_EXERCISE_
Wherever a line of the data contains "Foto", copy that line.

[Collection entries]
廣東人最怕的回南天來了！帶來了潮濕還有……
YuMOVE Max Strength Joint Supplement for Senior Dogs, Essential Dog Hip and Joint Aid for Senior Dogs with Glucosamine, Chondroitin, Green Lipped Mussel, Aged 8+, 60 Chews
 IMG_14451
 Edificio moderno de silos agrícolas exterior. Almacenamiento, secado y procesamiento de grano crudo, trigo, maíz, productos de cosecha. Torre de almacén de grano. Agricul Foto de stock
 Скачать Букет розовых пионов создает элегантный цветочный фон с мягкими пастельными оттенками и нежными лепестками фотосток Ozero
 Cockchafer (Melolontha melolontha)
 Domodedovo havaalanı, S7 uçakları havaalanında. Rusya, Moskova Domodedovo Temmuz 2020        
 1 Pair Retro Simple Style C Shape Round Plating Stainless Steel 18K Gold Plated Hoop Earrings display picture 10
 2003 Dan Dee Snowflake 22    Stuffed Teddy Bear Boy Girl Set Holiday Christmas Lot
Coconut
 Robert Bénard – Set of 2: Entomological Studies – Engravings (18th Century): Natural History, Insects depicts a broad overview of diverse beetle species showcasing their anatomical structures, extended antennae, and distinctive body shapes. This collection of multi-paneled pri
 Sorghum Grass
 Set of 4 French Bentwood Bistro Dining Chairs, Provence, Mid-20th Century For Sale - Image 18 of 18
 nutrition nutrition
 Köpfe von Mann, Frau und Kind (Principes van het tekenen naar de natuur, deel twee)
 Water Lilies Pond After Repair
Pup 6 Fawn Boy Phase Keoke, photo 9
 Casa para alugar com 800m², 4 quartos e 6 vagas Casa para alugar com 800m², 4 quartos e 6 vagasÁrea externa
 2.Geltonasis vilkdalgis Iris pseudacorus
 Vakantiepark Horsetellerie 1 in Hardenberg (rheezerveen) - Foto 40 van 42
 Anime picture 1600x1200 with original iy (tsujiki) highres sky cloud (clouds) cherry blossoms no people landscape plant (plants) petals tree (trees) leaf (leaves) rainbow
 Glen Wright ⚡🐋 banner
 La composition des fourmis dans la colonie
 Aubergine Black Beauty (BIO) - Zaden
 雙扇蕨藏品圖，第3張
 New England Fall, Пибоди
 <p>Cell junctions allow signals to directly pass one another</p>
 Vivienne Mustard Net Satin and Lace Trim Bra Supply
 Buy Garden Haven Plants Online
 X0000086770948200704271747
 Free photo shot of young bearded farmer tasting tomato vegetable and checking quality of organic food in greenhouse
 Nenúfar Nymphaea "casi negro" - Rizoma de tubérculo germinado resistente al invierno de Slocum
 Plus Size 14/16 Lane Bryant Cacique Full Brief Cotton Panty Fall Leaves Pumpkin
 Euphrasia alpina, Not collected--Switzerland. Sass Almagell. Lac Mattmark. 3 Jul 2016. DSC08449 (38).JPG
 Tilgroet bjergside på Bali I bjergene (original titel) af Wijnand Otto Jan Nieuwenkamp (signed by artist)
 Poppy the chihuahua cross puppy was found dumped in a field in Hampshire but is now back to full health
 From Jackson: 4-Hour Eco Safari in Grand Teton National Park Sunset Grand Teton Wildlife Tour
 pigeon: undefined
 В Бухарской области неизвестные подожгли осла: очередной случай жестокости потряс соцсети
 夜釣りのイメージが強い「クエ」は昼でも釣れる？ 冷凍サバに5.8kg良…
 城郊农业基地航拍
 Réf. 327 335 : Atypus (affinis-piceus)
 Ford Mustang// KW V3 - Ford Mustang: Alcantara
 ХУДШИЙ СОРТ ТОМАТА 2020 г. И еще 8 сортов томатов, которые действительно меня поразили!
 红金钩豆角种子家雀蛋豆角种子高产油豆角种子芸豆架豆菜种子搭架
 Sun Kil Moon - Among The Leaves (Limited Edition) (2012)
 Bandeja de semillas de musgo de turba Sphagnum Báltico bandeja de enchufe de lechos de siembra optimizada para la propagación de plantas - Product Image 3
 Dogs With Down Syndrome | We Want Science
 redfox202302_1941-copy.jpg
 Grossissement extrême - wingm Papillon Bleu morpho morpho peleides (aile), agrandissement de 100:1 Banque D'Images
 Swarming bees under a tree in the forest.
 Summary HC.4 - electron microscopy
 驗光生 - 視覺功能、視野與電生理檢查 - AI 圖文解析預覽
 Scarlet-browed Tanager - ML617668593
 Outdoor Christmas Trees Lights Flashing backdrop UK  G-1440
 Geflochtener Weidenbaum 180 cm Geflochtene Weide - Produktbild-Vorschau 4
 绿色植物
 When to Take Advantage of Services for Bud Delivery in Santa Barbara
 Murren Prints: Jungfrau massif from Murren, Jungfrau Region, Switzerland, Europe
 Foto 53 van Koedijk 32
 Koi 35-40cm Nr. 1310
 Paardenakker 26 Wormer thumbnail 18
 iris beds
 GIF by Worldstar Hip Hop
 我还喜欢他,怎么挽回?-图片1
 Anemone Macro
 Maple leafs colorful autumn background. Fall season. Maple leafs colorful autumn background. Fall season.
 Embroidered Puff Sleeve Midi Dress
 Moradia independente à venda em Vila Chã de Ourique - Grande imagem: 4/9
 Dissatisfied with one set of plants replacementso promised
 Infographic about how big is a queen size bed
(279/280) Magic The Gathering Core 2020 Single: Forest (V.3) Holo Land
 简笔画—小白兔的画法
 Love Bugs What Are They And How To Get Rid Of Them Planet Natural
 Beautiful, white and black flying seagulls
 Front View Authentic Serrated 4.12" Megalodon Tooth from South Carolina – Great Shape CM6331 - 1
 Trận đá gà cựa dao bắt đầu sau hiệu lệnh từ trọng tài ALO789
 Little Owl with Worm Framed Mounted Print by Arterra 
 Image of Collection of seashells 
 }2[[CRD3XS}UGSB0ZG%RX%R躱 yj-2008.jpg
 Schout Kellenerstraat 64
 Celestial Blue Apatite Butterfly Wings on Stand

_THE ANSWER_
 Edificio moderno de silos agrícolas exterior. Almacenamiento, secado y procesamiento de grano crudo, trigo, maíz, productos de cosecha. Torre de almacén de grano. Agricul Foto de stock
 Vakantiepark Horsetellerie 1 in Hardenberg (rheezerveen) - Foto 40 van 42
 Foto 53 van Koedijk 32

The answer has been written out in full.